I realized that if I flat-out stopped at mile 25 that there was a good chance I’d never get running again. Unfortunately my mental planning and math estimates were slightly flawed, and I still ended up spending 10-15 minutes standing directly next to the Mile 25 sign watching folks go by. I did all sorts of stretching, running in place, cheering etc… and surprisingly, I felt pretty good by time I saw her.
And after that – I enjoyed running the next 1.2 miles and finishing with her. There are few better feelings in the world than that last mile of your first marathon and I was really happy to be able to share that with her. She was pretty excited to see me there, and from my perspective – I can’t imagine a better way to turn around an otherwise bad race.
I don’t know why precisely my race fell apart.

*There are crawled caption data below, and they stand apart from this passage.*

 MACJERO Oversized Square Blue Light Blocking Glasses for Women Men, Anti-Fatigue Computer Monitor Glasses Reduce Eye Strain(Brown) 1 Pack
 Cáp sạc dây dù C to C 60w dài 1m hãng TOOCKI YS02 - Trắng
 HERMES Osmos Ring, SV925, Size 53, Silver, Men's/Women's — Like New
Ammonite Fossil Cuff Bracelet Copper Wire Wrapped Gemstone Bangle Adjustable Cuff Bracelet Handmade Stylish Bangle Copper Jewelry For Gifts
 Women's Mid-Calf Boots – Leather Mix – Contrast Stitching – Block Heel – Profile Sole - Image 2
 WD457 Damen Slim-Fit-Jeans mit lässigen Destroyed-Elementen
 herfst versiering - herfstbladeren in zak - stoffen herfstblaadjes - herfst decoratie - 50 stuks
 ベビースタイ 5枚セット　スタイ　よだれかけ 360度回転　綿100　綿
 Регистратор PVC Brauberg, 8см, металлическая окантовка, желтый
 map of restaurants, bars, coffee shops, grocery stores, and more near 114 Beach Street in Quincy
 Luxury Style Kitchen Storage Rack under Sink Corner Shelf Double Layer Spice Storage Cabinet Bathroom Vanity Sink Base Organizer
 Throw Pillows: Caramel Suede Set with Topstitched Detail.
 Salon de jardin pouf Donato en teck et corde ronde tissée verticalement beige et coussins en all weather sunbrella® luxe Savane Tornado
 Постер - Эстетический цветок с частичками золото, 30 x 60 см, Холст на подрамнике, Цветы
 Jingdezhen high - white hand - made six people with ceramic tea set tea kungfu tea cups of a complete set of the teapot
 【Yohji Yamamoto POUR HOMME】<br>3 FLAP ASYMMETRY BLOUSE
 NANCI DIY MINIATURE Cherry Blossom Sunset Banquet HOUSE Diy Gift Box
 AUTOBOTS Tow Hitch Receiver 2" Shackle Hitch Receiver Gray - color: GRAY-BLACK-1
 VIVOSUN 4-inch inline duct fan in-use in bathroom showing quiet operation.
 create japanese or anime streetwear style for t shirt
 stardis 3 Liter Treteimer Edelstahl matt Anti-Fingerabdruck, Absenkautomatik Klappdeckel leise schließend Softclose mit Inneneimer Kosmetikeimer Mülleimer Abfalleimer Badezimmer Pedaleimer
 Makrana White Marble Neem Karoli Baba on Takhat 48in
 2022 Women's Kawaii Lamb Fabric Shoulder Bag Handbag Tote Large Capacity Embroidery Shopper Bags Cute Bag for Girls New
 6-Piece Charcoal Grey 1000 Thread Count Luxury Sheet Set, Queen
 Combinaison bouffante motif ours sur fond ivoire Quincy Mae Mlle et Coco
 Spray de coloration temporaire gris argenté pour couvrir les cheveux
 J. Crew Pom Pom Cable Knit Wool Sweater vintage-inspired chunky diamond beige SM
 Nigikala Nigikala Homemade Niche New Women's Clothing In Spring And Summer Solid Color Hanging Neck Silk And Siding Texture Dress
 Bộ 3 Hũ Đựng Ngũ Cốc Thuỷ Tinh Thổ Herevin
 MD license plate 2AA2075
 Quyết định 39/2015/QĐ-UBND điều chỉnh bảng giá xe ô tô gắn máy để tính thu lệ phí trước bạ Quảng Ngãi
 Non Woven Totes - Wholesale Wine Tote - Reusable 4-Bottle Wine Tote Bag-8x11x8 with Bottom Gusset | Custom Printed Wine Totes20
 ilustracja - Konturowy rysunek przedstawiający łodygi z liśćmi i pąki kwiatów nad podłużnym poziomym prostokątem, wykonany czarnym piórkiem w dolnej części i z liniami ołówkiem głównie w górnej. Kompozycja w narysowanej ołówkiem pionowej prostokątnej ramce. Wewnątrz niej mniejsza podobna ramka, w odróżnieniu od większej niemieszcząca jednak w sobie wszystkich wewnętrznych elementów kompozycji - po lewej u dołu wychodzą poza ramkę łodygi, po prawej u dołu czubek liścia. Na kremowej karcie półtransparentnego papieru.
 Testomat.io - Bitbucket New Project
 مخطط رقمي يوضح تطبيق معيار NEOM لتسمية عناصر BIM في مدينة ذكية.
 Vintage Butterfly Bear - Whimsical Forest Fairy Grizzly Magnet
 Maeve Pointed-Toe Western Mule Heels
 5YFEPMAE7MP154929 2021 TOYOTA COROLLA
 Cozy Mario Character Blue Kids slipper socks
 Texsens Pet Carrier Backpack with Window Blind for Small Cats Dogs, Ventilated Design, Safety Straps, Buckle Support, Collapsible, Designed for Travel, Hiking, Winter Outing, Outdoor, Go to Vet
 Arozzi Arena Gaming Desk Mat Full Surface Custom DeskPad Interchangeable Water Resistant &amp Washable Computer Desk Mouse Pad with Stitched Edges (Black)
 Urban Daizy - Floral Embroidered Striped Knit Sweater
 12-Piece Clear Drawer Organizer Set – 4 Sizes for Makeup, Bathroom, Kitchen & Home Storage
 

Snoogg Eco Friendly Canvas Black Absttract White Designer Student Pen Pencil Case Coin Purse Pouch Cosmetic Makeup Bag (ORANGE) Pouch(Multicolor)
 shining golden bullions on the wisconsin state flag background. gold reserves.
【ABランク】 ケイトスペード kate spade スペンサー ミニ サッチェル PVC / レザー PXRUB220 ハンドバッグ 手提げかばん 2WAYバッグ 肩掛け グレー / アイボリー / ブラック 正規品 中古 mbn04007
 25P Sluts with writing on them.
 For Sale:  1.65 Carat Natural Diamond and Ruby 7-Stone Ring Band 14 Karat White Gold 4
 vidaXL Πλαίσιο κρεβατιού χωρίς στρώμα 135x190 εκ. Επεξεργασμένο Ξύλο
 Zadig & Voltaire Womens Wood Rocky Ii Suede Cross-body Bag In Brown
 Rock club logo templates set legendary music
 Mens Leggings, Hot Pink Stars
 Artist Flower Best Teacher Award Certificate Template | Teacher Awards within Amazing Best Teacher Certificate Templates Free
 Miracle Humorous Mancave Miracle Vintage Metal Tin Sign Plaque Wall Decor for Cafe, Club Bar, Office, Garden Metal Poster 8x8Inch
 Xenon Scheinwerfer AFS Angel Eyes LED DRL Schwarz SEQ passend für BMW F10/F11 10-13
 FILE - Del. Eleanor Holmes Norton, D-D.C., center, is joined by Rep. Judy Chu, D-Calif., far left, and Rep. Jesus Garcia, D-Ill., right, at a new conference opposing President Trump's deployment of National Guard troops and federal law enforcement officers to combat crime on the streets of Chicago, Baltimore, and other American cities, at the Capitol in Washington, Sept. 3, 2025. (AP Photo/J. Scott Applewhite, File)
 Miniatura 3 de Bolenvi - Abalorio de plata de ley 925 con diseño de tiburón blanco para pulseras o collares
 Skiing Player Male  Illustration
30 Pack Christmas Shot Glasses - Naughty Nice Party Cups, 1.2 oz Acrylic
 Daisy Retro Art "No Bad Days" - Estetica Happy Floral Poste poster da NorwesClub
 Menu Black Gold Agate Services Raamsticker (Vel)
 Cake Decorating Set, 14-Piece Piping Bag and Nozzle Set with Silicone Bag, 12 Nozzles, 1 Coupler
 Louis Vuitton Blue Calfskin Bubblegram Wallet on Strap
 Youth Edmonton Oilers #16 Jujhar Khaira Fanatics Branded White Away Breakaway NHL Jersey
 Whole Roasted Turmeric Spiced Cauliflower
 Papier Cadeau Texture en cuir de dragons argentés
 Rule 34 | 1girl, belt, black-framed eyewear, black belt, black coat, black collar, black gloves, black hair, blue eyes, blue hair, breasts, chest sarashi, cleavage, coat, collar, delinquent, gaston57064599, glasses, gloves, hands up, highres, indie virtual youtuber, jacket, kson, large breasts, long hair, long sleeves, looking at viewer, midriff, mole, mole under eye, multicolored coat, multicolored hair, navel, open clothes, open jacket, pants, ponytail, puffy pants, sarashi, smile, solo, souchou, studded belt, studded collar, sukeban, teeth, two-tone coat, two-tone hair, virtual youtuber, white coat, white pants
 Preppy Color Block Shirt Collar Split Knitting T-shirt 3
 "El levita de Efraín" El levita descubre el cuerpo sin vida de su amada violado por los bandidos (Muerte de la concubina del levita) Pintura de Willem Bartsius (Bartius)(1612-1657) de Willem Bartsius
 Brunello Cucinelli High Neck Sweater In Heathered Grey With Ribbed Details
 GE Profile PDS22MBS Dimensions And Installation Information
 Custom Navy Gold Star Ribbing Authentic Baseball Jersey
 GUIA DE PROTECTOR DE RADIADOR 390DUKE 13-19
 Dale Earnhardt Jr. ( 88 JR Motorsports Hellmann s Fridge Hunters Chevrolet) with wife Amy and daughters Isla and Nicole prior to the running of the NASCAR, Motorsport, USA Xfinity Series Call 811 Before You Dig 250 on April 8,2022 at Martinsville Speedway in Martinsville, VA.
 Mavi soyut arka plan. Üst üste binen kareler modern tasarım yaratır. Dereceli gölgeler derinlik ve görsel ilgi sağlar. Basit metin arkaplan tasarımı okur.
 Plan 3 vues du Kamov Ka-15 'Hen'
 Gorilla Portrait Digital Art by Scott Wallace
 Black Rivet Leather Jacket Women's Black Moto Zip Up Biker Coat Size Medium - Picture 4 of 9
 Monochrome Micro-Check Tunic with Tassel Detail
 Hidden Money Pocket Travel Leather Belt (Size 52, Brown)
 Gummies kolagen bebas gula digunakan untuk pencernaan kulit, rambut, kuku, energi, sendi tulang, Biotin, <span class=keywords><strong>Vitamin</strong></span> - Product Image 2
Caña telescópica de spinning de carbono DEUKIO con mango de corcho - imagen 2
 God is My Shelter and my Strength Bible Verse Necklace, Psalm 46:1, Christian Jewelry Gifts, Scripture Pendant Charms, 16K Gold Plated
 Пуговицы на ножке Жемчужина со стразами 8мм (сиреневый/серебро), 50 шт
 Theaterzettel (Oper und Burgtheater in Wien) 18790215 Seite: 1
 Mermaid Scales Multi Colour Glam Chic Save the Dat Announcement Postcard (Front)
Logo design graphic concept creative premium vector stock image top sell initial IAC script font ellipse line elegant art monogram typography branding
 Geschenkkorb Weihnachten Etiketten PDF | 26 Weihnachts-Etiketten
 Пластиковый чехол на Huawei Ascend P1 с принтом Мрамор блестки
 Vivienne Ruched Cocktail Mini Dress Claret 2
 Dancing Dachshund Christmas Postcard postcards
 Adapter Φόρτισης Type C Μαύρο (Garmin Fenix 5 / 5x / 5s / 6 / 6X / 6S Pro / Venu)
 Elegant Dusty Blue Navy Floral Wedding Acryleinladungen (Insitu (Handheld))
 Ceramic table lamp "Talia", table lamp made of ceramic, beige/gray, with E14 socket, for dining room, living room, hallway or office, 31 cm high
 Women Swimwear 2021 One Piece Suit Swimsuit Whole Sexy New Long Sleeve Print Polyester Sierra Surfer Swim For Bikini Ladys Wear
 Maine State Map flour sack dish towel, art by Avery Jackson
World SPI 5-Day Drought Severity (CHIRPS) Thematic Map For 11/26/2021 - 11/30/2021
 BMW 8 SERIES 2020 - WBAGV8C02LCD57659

Perhaps my HR was trying to tell me something early on, perhaps the cold I hoped I could just mask with over the counter drugs was the cause – or perhaps I just gave up too easily. I’m not sure. It’s something I want to figure out, but I also want to figure out whether or not I enjoy long distance racing. I know I really enjoy shorter distances (roughly an hour, such as 10-milers) – even if I’m not quite as good at them. Over the next few weeks and maybe months I’ll try and figure out what interests me the most. I’ll be sure to let you know.
Finally, I really want to thank everyone for their support and kind words leading into the race, during the race, as well as afterwards. It was awesome hearing words of encouragement from everyone along the course. You are of course the primary reason I write here, and why I write so openly. As you have seen over the last four years, every race I compete in gets posted here – ultimately allowing everyone to learn from my experiences (both good…and bad). And that’s what I believe so many of you find useful about when I write. It’s easy to write about having a great race, it’s much harder to write about a race that didn’t go as you hoped after months of hard training.
However, over the past year or so there have been some (well, one) who has chosen to take the route of anonymous and thinly comment attacks against my performances, myself, my friends, my family – and even some other readers that have left comments. As is always the case, anyone is welcome to disagree with how I present product information or my opinions of products. In fact, out of the 28,549 comments posted to the blog since its inception – I’ve never deleted a single comment for its content. However, neither my openness nor this blog is a permissible avenue for personal attacks. Thus, as of yesterday I am simply deleting any such comments going forward. This isn’t the environment I want to have around here – and honestly, I’d prefer if this individual simply found something else on the internet to read.
Thanks everyone for reading, and have a great Thanksgiving!